§ Activity: A word-for-word copy of the data is what's wanted, with no pictures.

§ Task material:

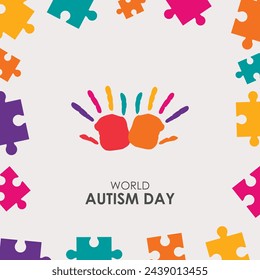 Autism Awareness Month.Trend lettering. Multicolored puzzle in the form hand. Healthcare concept. Vector illustration on white background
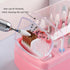 2 in 1 Pink Nail Drill Bit Holder and Nail Drill Bits Cleaner Brush Case, 30 Holes Dust-proof Nail Bit Holder Organizer Display Storage Box, Nail ...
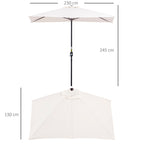 Space-saving Mezzaluna Wall Parasol with Crank Opening, Cream - Borgè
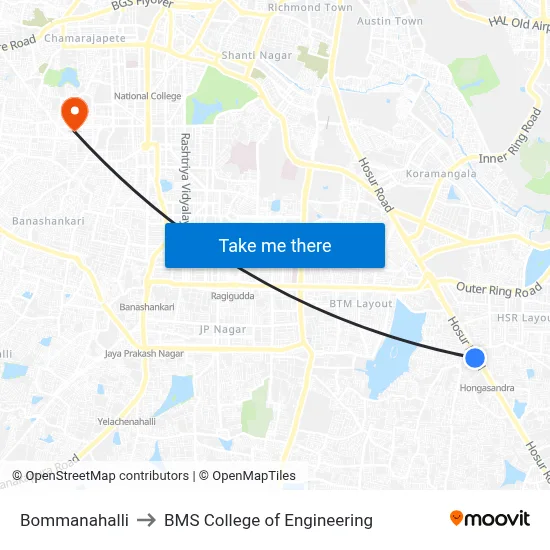 Bommanahalli to BMS College of Engineering map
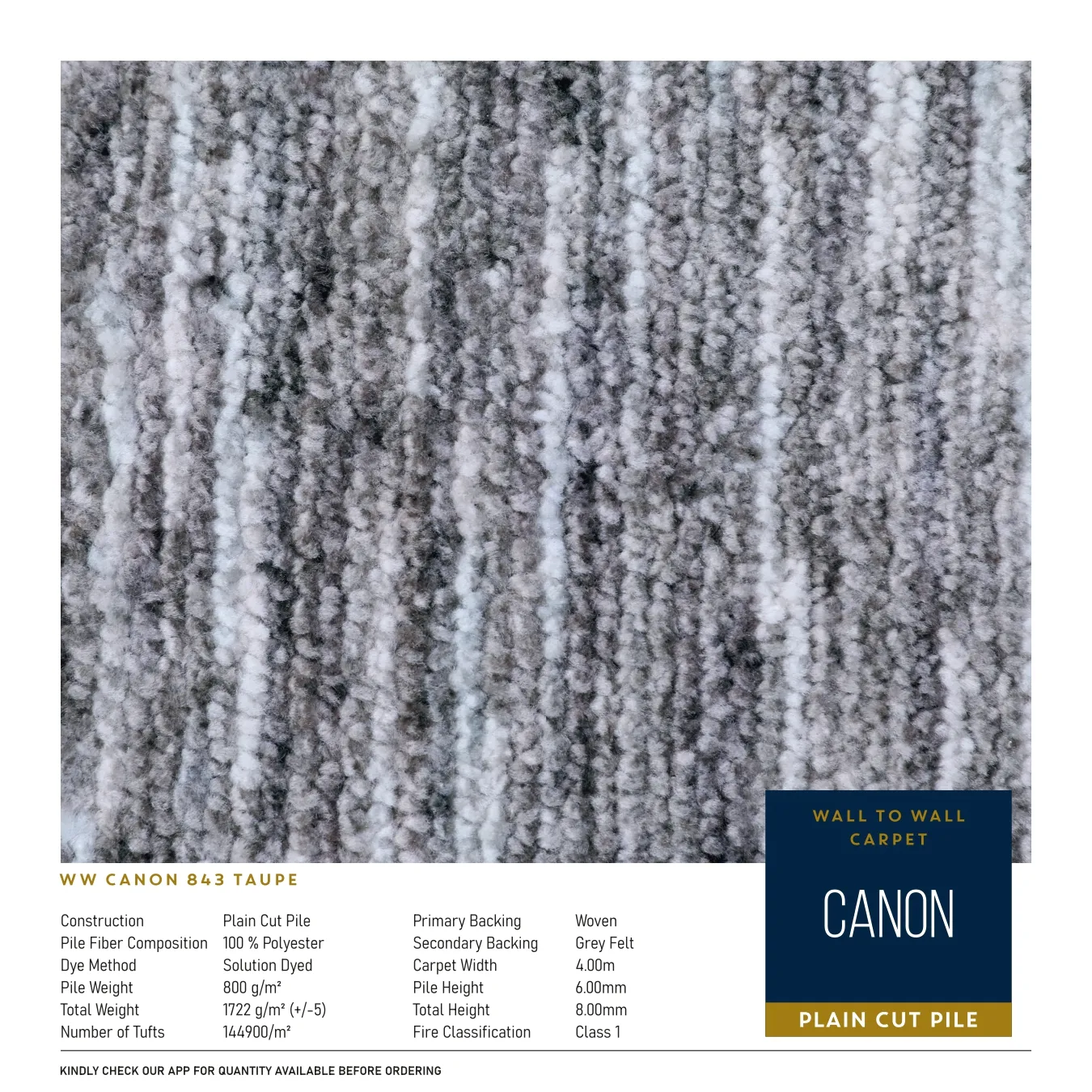 WW Canon 843 Taupe Carpet Tile – Stylish & Durable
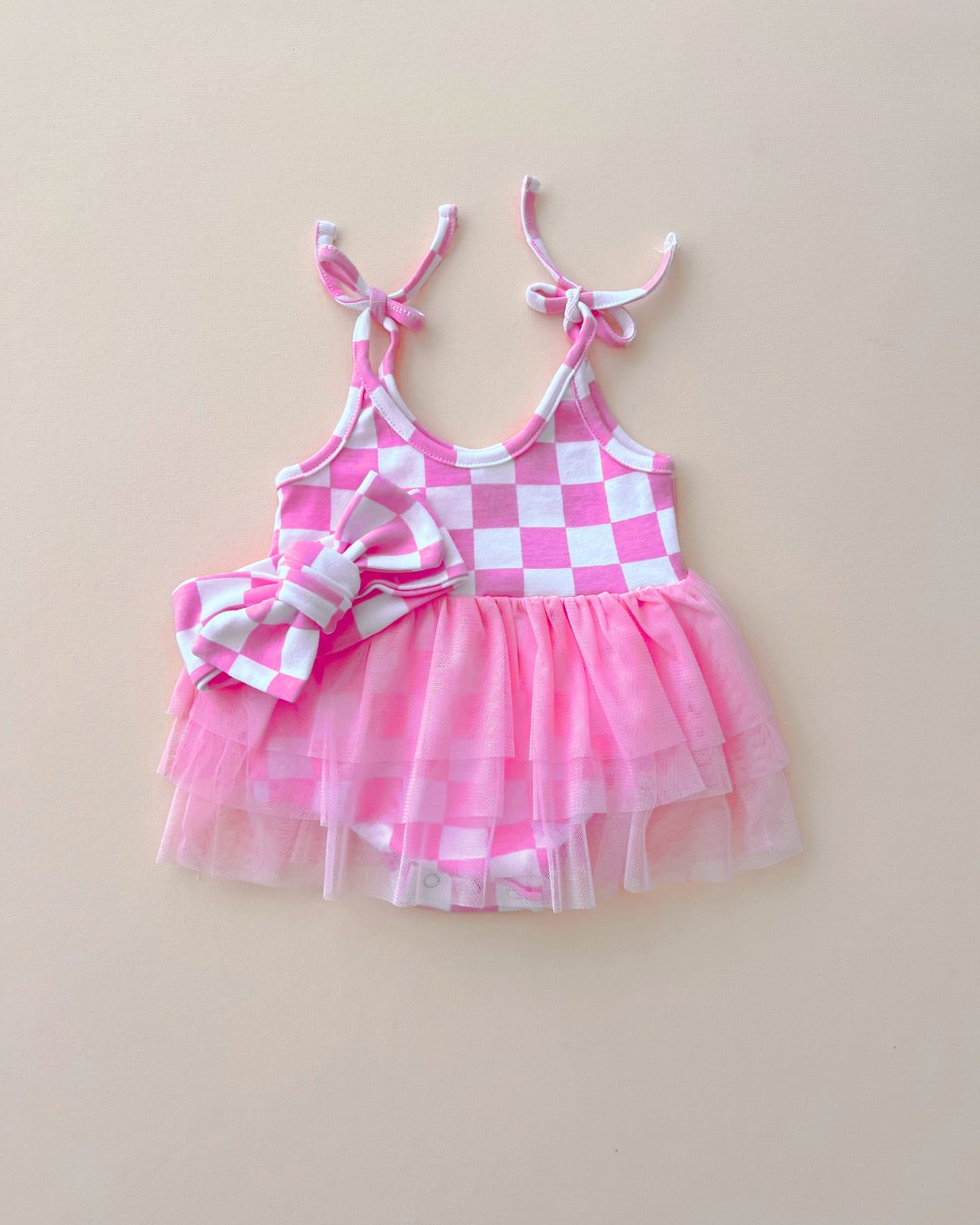 Tutu Romper | Checkered Bubble Gum - Mack & Harvie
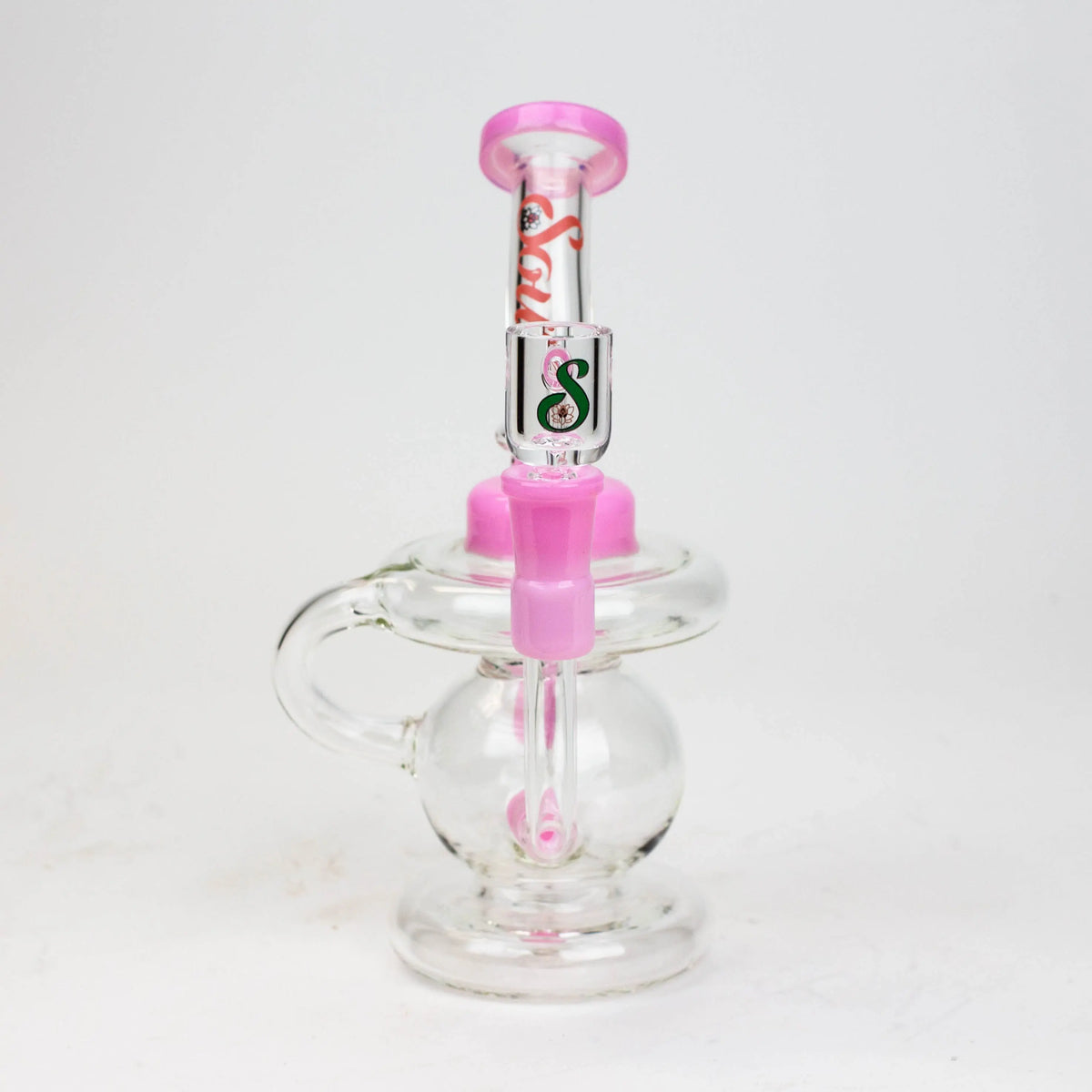 Front View of the SOUL Glass 8 inch Recycler Dab Rig And Bong Combo in Pink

§ Answer for this exercise:
 Autism Awareness Month.Trend lettering. Multicolored puzzle in the form hand. Healthcare concept. Vector illustration on white background
 2 in 1 Pink Nail Drill Bit Holder and Nail Drill Bits Cleaner Brush Case, 30 Holes Dust-proof Nail Bit Holder Organizer Display Storage Box, Nail ...
 Space-saving Mezzaluna Wall Parasol with Crank Opening, Cream - Borgè
 Bommanahalli to BMS College of Engineering map
 WW Canon 843 Taupe Carpet Tile – Stylish & Durable
 Tutu Romper | Checkered Bubble Gum - Mack & Harvie
 Front View of the SOUL Glass 8 inch Recycler Dab Rig And Bong Combo in Pink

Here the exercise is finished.